ABOUT THIS EXERCISE: Copy each entry below exactly as it appears.

RECORDS SUPPLIED:
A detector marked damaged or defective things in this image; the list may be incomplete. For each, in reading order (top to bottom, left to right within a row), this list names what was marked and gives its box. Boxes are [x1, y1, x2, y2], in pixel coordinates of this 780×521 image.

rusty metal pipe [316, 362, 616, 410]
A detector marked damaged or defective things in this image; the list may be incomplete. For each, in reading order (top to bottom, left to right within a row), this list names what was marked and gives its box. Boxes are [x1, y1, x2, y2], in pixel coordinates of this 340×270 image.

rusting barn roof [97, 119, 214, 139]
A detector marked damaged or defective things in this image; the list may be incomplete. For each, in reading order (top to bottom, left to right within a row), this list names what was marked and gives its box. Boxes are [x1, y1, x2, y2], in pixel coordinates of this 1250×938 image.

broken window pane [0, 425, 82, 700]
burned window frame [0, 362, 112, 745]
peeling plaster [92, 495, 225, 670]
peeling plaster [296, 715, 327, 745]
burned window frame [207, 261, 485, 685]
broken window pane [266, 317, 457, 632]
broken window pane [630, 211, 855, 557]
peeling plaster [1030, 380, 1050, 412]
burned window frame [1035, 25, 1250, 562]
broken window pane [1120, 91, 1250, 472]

RESPONSE AREA:
A detector marked damaged or defective things in this image; the list may be incomplete. For each, in reading order (top to bottom, left to right within a row), this list names what was marked and gives its box. Boxes are [x1, y1, x2, y2], in pixel coordinates of this 780×521 image.

rusty metal pipe [316, 362, 616, 410]
A detector marked damaged or defective things in this image; the list may be incomplete. For each, in reading order (top to bottom, left to right within a row), this list names what was marked and gives its box. Boxes are [x1, y1, x2, y2], in pixel coordinates of this 340×270 image.

rusting barn roof [97, 119, 214, 139]
A detector marked damaged or defective things in this image; the list may be incomplete. For each, in reading order (top to bottom, left to right within a row), this list names what was marked and gives its box. Boxes are [x1, y1, x2, y2], in pixel coordinates of this 1250×938 image.

broken window pane [0, 425, 82, 700]
burned window frame [0, 362, 112, 745]
peeling plaster [92, 495, 225, 670]
peeling plaster [296, 715, 327, 745]
burned window frame [207, 261, 485, 685]
broken window pane [266, 317, 457, 632]
broken window pane [630, 211, 855, 557]
peeling plaster [1030, 380, 1050, 412]
burned window frame [1035, 25, 1250, 562]
broken window pane [1120, 91, 1250, 472]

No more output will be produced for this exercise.